TASK OBJECTIVE: Can you copy out the data exactly? Leave the images out.

GIVEN DATA:
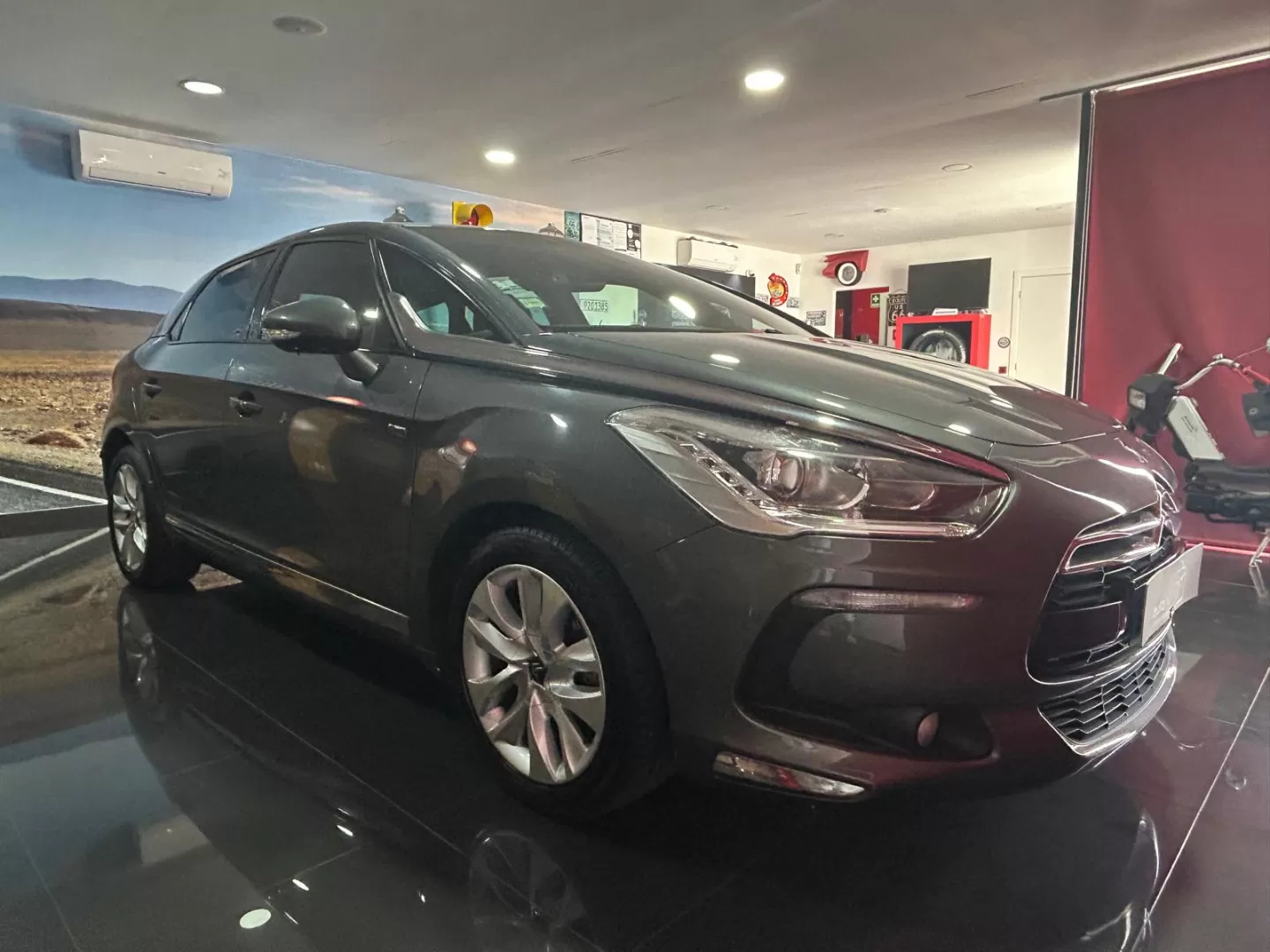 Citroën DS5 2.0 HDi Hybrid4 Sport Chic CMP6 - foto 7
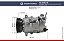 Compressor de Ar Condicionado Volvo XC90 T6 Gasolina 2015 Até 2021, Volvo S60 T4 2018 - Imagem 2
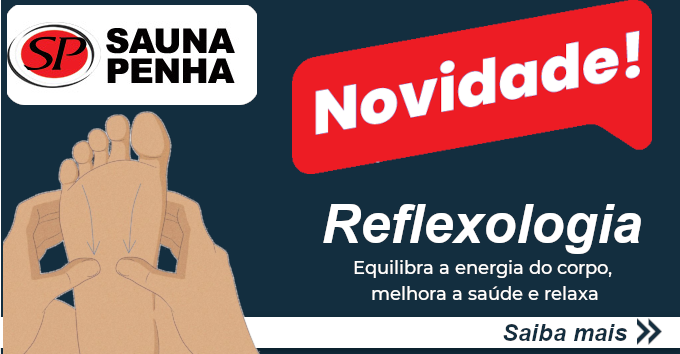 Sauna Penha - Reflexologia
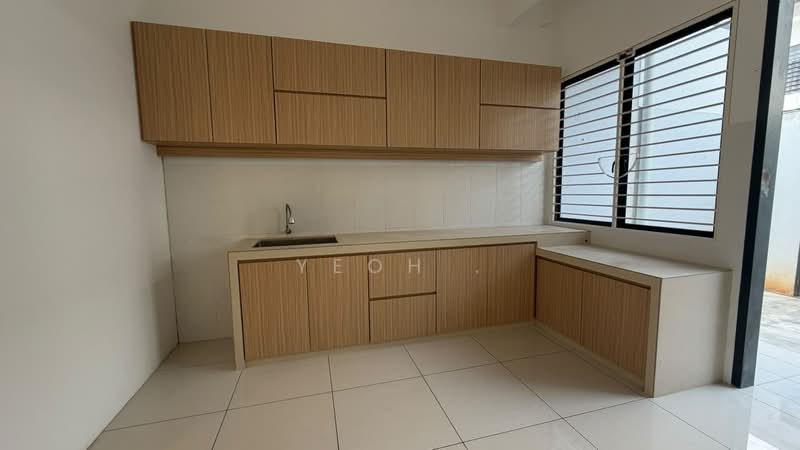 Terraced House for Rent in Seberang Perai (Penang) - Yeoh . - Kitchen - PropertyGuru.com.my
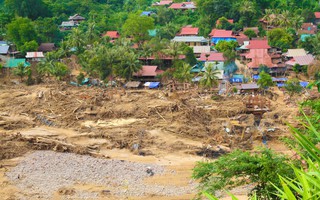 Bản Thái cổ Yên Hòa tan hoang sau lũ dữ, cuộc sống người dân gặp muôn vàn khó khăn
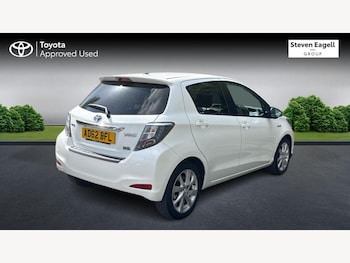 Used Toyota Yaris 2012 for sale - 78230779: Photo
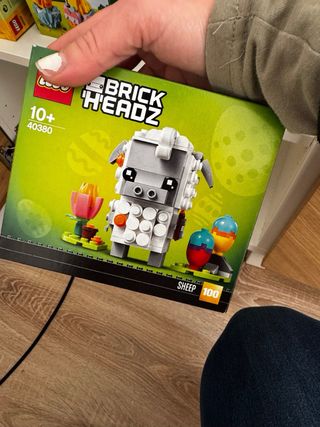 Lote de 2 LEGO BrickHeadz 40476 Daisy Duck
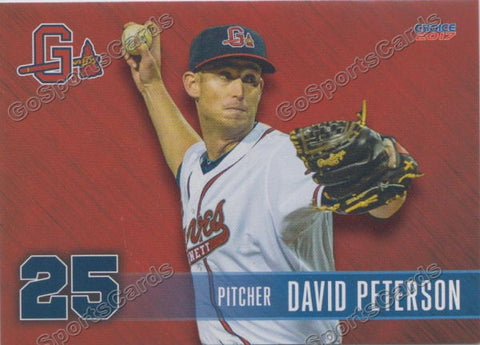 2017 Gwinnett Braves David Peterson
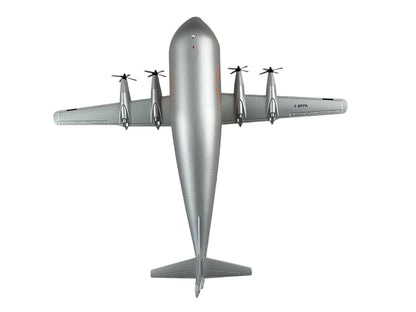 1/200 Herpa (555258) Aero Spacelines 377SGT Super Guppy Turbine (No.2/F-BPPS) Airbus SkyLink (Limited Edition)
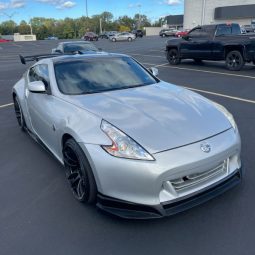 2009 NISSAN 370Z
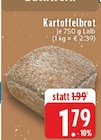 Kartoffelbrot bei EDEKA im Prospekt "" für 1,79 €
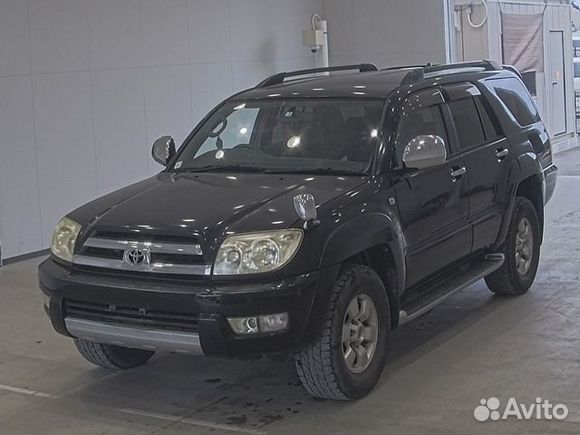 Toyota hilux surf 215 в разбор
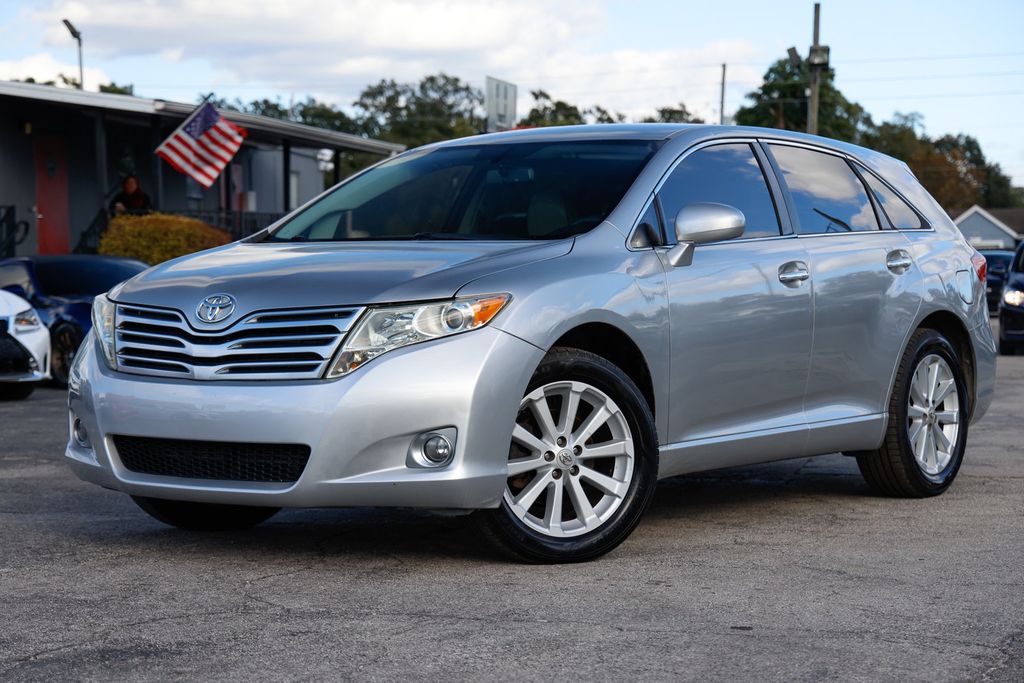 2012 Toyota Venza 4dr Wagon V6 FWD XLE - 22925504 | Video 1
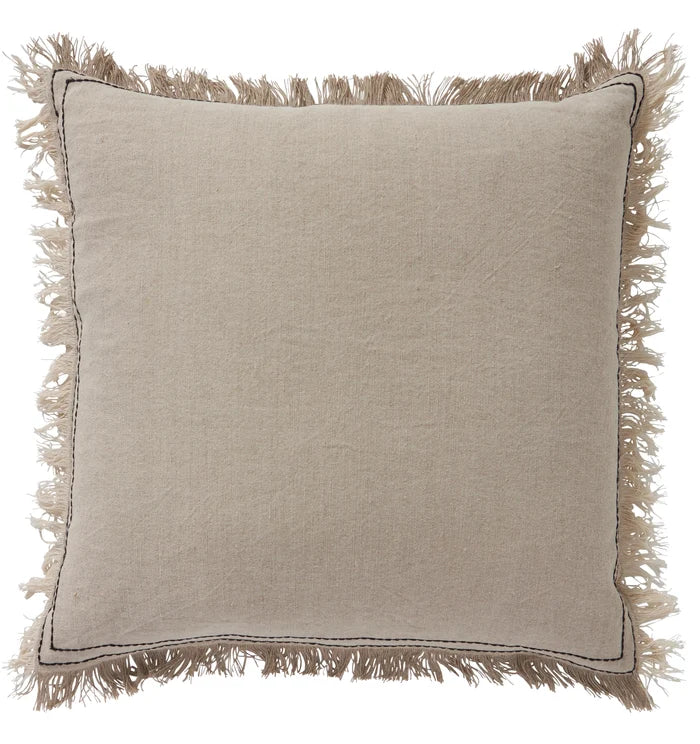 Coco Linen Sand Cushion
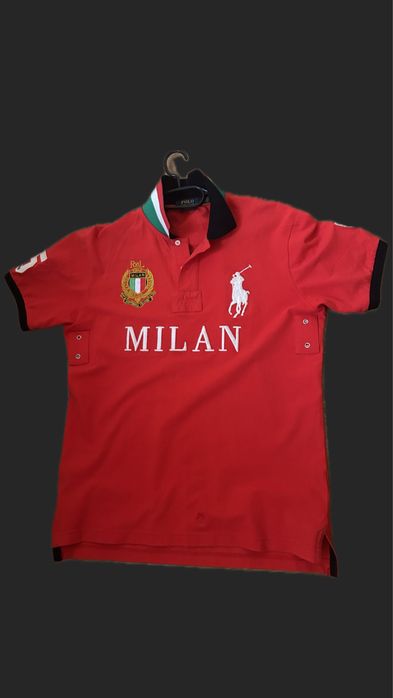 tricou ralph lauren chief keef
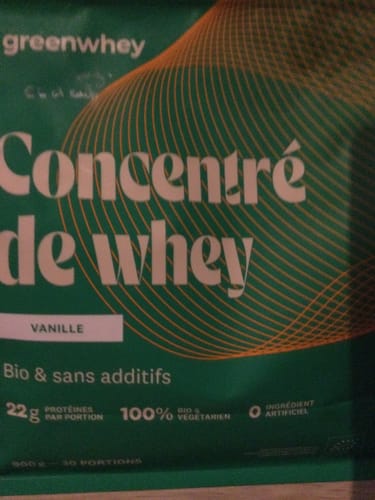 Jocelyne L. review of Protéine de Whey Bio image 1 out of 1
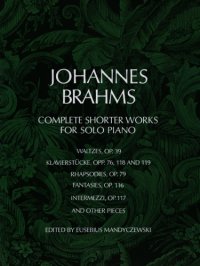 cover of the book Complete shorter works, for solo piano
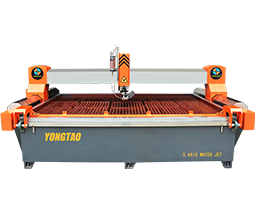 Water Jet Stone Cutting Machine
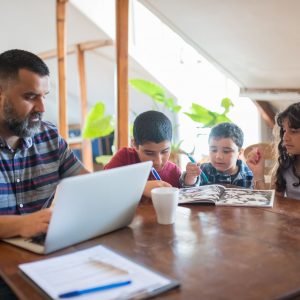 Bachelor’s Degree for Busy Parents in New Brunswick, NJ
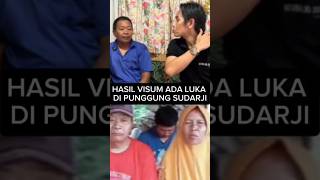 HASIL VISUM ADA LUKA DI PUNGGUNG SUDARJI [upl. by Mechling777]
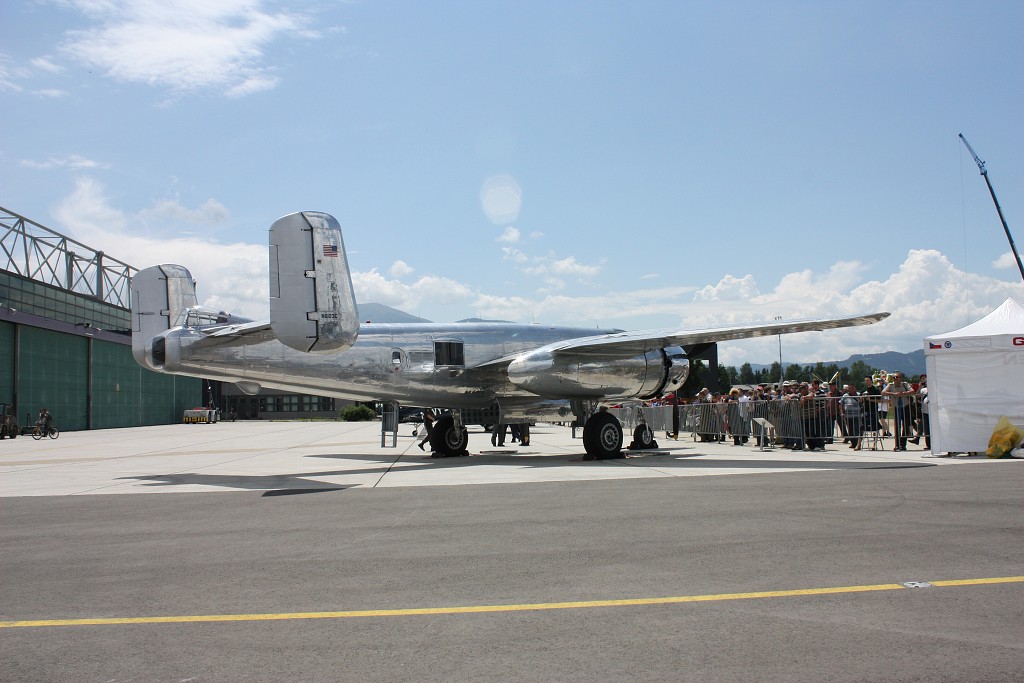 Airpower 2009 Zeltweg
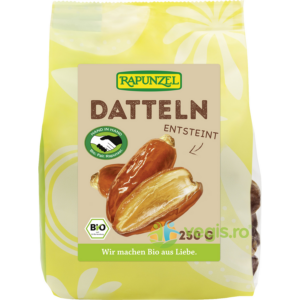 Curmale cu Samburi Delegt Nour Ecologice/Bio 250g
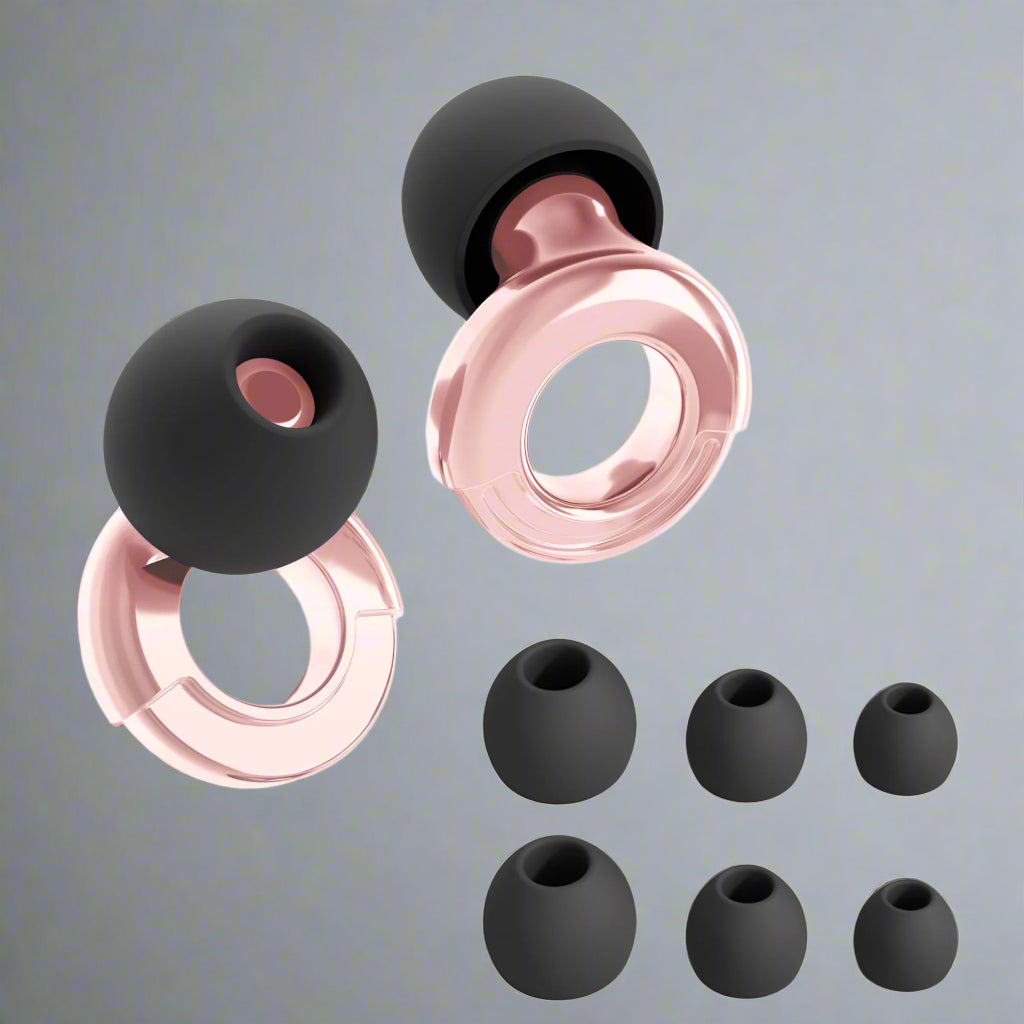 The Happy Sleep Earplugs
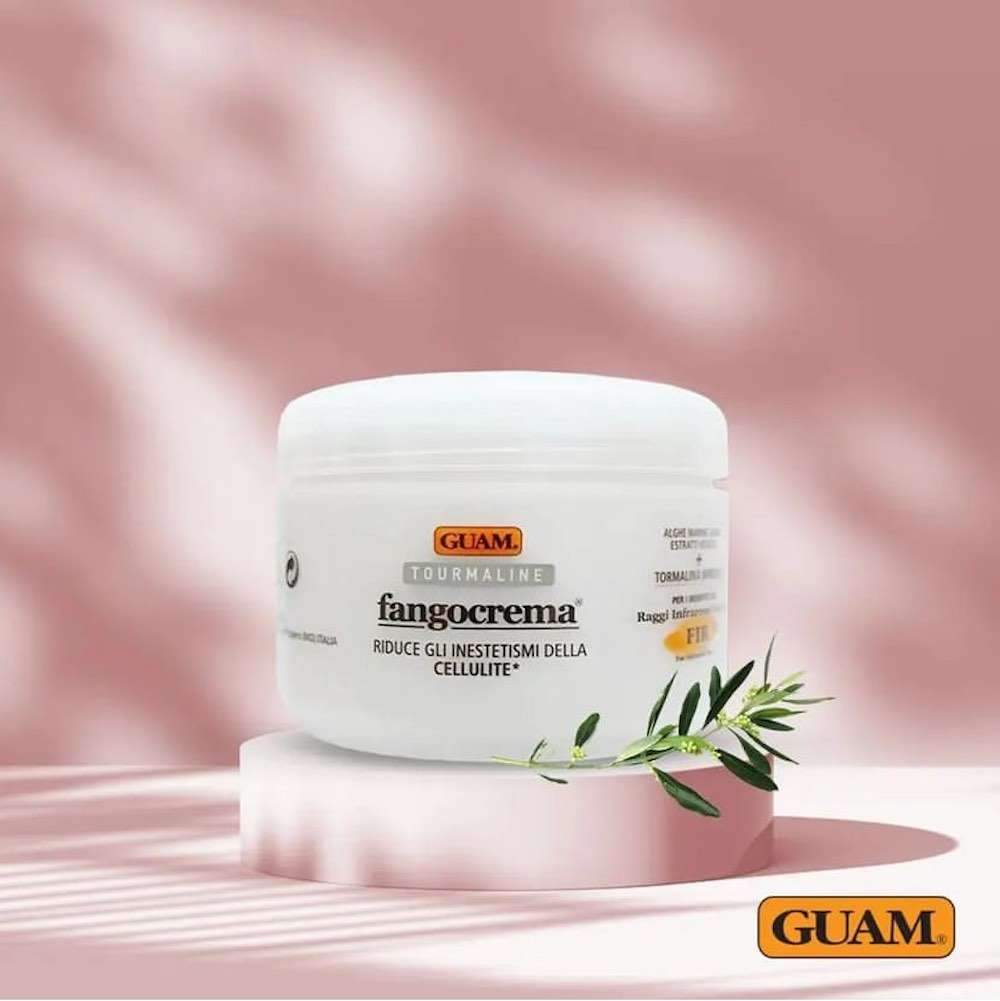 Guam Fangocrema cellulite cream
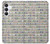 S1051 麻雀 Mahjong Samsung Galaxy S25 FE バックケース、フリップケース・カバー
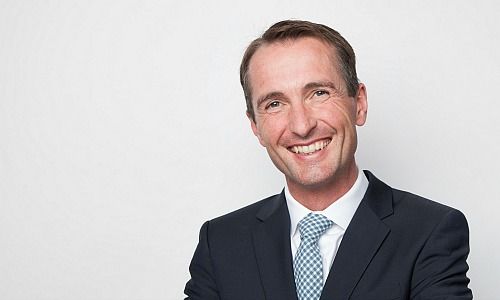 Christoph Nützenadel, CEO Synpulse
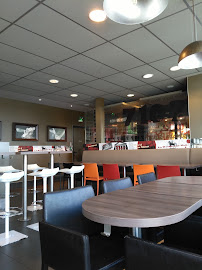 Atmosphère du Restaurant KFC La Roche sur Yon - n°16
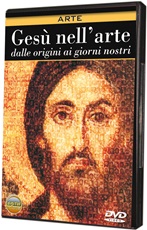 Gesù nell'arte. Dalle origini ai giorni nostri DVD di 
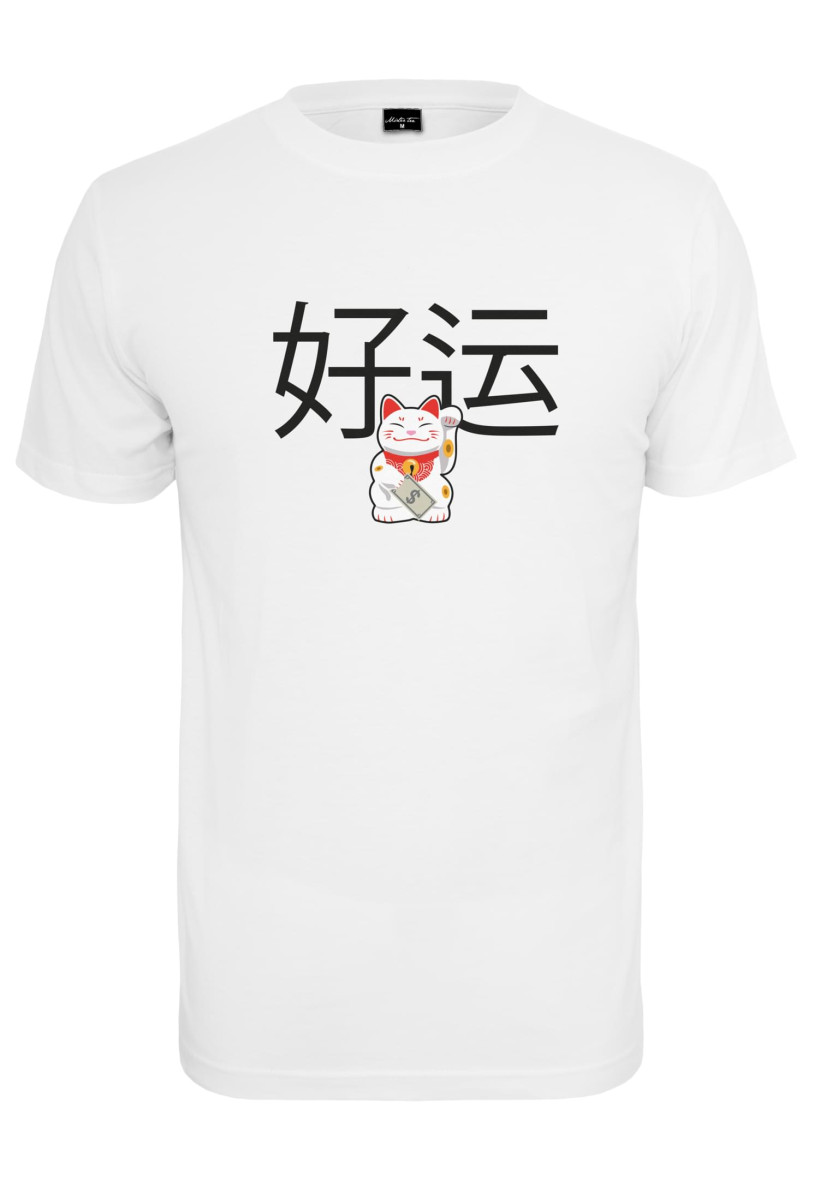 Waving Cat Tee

WRITTEN ANSWER:
 Citroën DS5 2.0 HDi Hybrid4 Sport Chic CMP6 - foto 7
 Compressor de Ar Condicionado Volvo XC90 T6 Gasolina 2015 Até 2021, Volvo S60 T4 2018 - Imagem 2
 Sauna Penha - Reflexologia
 Terraced House for Rent in Seberang Perai (Penang) - Yeoh . - Kitchen - PropertyGuru.com.my
 Bản Thái cổ Yên Hòa tan hoang sau lũ dữ, cuộc sống người dân gặp muôn vàn khó khăn
 Used Toyota Yaris 2012 for sale - 78230779: Photo
 Lote de 2 LEGO BrickHeadz 40476 Daisy Duck
 2017 Gwinnett Braves David Peterson
 1/200 Herpa (555258) Aero Spacelines 377SGT Super Guppy Turbine (No.2/F-BPPS) Airbus SkyLink (Limited Edition)
 2009 NISSAN 370Z
 Kartoffelbrot bei EDEKA im Prospekt "" für 1,79 €
 Toyota hilux surf 215 в разбор
 2012 Toyota Venza 4dr Wagon V6 FWD XLE - 22925504 | Video 1
 Coco Linen Sand Cushion
 tricou ralph lauren chief keef
 Jocelyne L. review of Protéine de Whey Bio image 1 out of 1
 cover of the book Complete shorter works, for solo piano
 Water Jet Stone Cutting Machine
 Bachelor’s Degree for Busy Parents in New Brunswick, NJ
 HASIL VISUM ADA LUKA DI PUNGGUNG SUDARJI [upl. by Mechling777]
 Airpower 2009 Zeltweg
 Curmale cu Samburi Delegt Nour Ecologice/Bio 250g
 The Happy Sleep Earplugs
 Guam Fangocrema cellulite cream
 S1051 麻雀 Mahjong Samsung Galaxy S25 FE バックケース、フリップケース・カバー
 Christoph Nützenadel, CEO Synpulse
 Atmosphère du Restaurant KFC La Roche sur Yon - n°16
 Gesù nell'arte. Dalle origini ai giorni nostri DVD di 
 Waving Cat Tee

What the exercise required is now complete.